EXERCISE DETAILS ::
Line by line, transcribe the records exactly.

[Short descriptive text snippets]
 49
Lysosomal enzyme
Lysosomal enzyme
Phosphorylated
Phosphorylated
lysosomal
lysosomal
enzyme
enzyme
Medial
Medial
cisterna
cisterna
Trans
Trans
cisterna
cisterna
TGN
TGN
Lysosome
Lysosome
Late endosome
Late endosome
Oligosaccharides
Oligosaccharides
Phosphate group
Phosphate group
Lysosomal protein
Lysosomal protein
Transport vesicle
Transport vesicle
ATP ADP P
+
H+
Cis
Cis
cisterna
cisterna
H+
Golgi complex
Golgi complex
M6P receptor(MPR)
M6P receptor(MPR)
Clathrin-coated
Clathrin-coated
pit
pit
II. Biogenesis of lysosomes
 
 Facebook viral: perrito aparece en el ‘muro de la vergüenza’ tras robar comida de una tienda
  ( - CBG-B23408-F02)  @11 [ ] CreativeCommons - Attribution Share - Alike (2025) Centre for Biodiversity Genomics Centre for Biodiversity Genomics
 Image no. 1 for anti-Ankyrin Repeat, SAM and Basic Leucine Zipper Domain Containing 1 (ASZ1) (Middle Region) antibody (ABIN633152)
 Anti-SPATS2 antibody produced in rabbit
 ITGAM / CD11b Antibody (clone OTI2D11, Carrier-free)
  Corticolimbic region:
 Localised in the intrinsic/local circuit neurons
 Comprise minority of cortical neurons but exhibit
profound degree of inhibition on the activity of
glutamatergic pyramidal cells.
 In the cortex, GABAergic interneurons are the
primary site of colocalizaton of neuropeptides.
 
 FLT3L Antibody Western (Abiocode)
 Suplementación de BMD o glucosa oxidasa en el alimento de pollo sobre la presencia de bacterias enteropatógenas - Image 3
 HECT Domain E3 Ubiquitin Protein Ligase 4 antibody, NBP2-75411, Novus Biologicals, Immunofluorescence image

RESPONSE FOR THIS EXERCISE ::
 49
Lysosomal enzyme
Lysosomal enzyme
Phosphorylated
Phosphorylated
lysosomal
lysosomal
enzyme
enzyme
Medial
Medial
cisterna
cisterna
Trans
Trans
cisterna
cisterna
TGN
TGN
Lysosome
Lysosome
Late endosome
Late endosome
Oligosaccharides
Oligosaccharides
Phosphate group
Phosphate group
Lysosomal protein
Lysosomal protein
Transport vesicle
Transport vesicle
ATP ADP P
+
H+
Cis
Cis
cisterna
cisterna
H+
Golgi complex
Golgi complex
M6P receptor(MPR)
M6P receptor(MPR)
Clathrin-coated
Clathrin-coated
pit
pit
II. Biogenesis of lysosomes
 
 Facebook viral: perrito aparece en el ‘muro de la vergüenza’ tras robar comida de una tienda
  ( - CBG-B23408-F02)  @11 [ ] CreativeCommons - Attribution Share - Alike (2025) Centre for Biodiversity Genomics Centre for Biodiversity Genomics
 Image no. 1 for anti-Ankyrin Repeat, SAM and Basic Leucine Zipper Domain Containing 1 (ASZ1) (Middle Region) antibody (ABIN633152)
 Anti-SPATS2 antibody produced in rabbit
 ITGAM / CD11b Antibody (clone OTI2D11, Carrier-free)
  Corticolimbic region:
 Localised in the intrinsic/local circuit neurons
 Comprise minority of cortical neurons but exhibit
profound degree of inhibition on the activity of
glutamatergic pyramidal cells.
 In the cortex, GABAergic interneurons are the
primary site of colocalizaton of neuropeptides.
 
 FLT3L Antibody Western (Abiocode)
 Suplementación de BMD o glucosa oxidasa en el alimento de pollo sobre la presencia de bacterias enteropatógenas - Image 3
 HECT Domain E3 Ubiquitin Protein Ligase 4 antibody, NBP2-75411, Novus Biologicals, Immunofluorescence image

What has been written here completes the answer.